FOREIGN investment in agricultural assets, which many Australians see as ''unrestricted, unrestrained, uncontrolled'', would be subject to much greater scrutiny under a Coalition government, and workplace reform would be based on the principle of ''higher pay for better work'', says the shadow treasurer, Joe Hockey.

In an exclusive interview with the Herald, Mr Hockey identified the government's $36 billion national broadband network as the Coalition's big political target this year.

Mr Hockey also unveiled the Coalition's three-point economic plan for the year and a ''strong, positive agenda'', following a year in which the Opposition Leader, Tony Abbott, was criticised for being too negative.

The broadband network was by far the biggest off-budget initiative ever seen in Australian government, Mr Hockey said, referring to government programs that have not been accounted for in the federal budget. The broadband network is treated as a government asset and not as a budget item.

''I mean, it's multiples of anything that's ever been off-budget … it detracts from productivity,'' he said.

Mr Hockey vowed to increase accountability of the government's off-budget initiatives, including the broadband network, the National Disability Insurance Scheme and the planned National Dental Scheme.

He said Australia's productivity slump was the second tier of the Coalition's economic policy, but he refused to be drawn on the detail of its industrial relations policy.

Workplace relations was the subject of an internal Liberal Party brawl in September when the former workplace relations minister Peter Reith urged Mr Abbott to make it a front-and-centre issue.

Mr Abbott ignored the call and ruled out a return to statutory individual contracts.

Mr Hockey revealed a review of foreign investment guidelines would be part of the Coalition's economic policy agenda.

''There is room for better and more transparent analysis of foreign investment,'' he said. ''There is a perception issue that there is unrestricted, unrestrained, uncontrolled foreign investment, particularly in agriculture. We may well flag changes to foreign investment rules, and we will have more to say about that.''

Foreign buy-up of Australian farms and food security is a hot issue for many Coalition voters. A government-commissioned report on the issue by the Australian Bureau of Agricultural and Resource Economics is expected to be released this month.

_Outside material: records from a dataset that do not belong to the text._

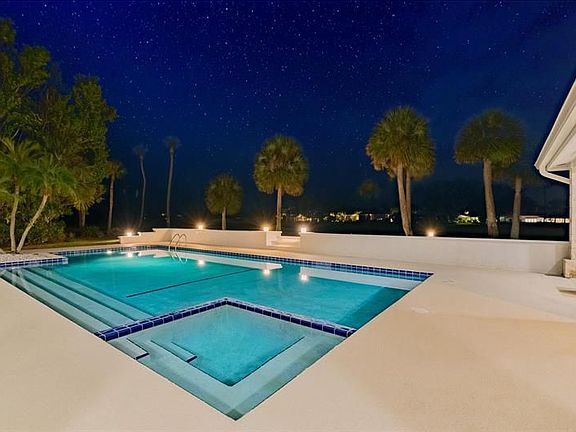 5th image of 6660 SE South Marina Way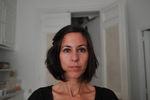 Portait thérapeutique pleine lumière, sans filtre, sans masque, sans sourire : visage à l'état brut à l'instant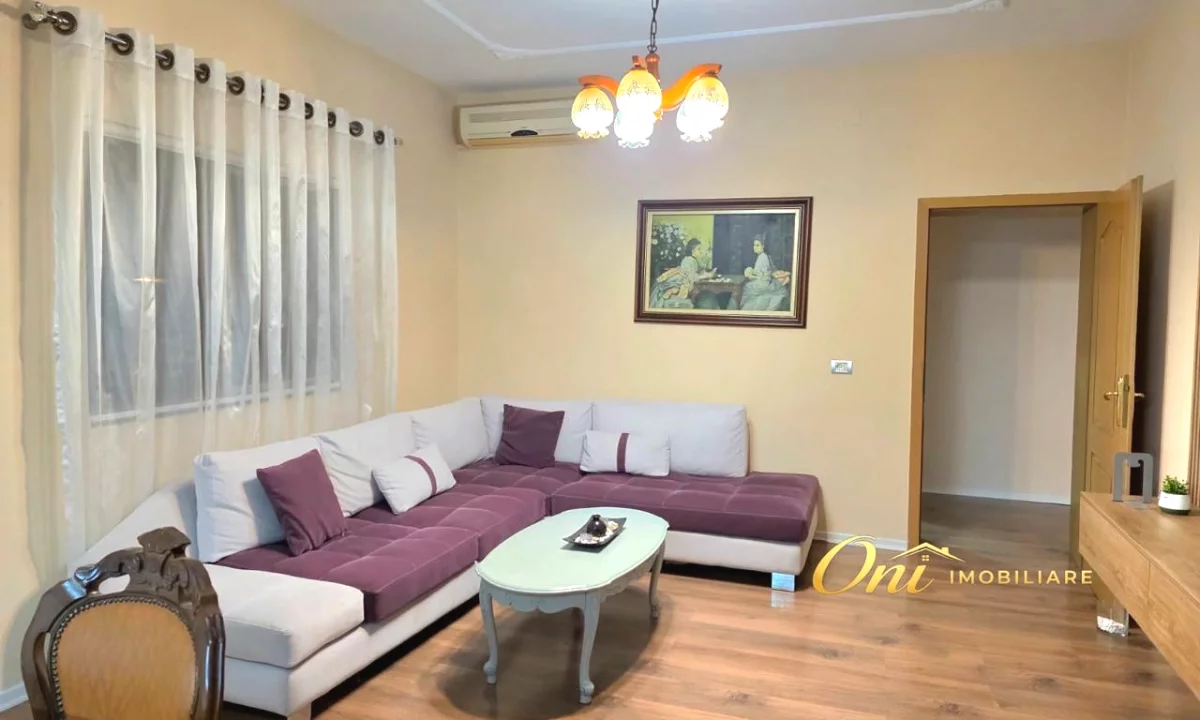 Shtepi me qera Apartament ne Tirane, 3+1, Mobilimi E mobiluar, Pagesa 850  Euro.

At present, foreign ownership laws kick in only when investments exceed $230 million.

A Senate inquiry chaired by the Liberal senator Bill Heffernan is also looking into the issue.

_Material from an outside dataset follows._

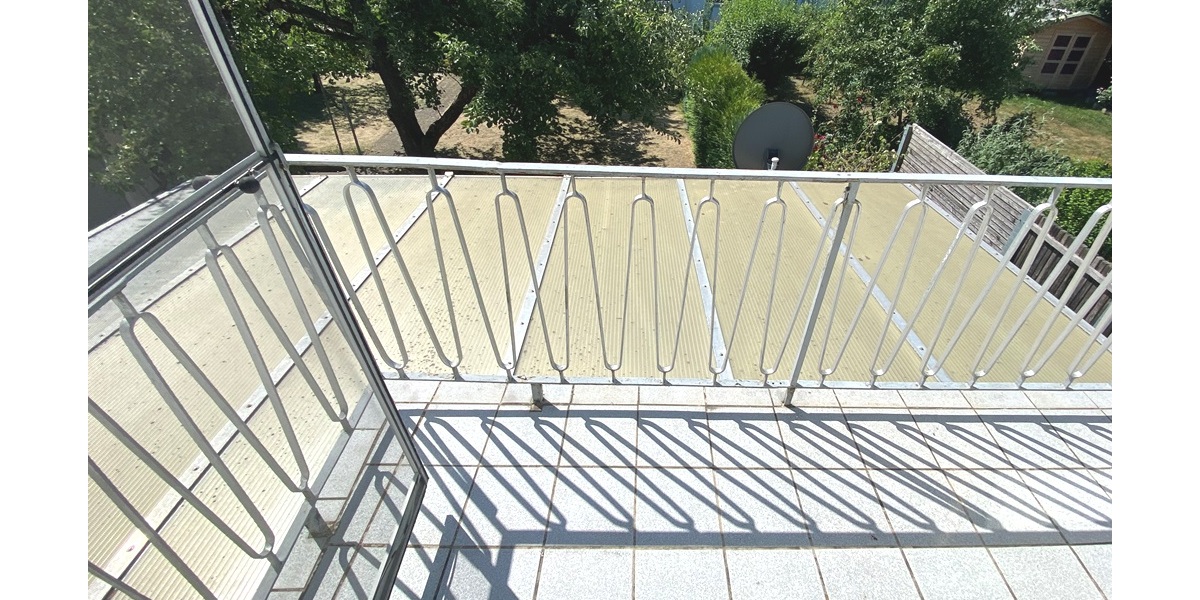 Neu-Ulm: Modernisiertes Mehrfamilienhaus (DHH) mit idyllischem Garten in Donau-Nähe - Mehrfamilienhaus, Wohnhaus Neu-Ulm / Offenhausen Offenhausen | Angebot:27262163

Mr Hockey said ''some'' of the Coalition's policies would be submitted to the Parliamentary Budget Office for costing.

During the 2010 election campaign, the opposition refused to have its policies costed by Treasury, opting instead to have them assessed by a West Australian accountancy firm, WHK Horwath.

The accountants who completed the costings have since been found to have breached professional standards and were fined for misrepresenting the costings as an audit.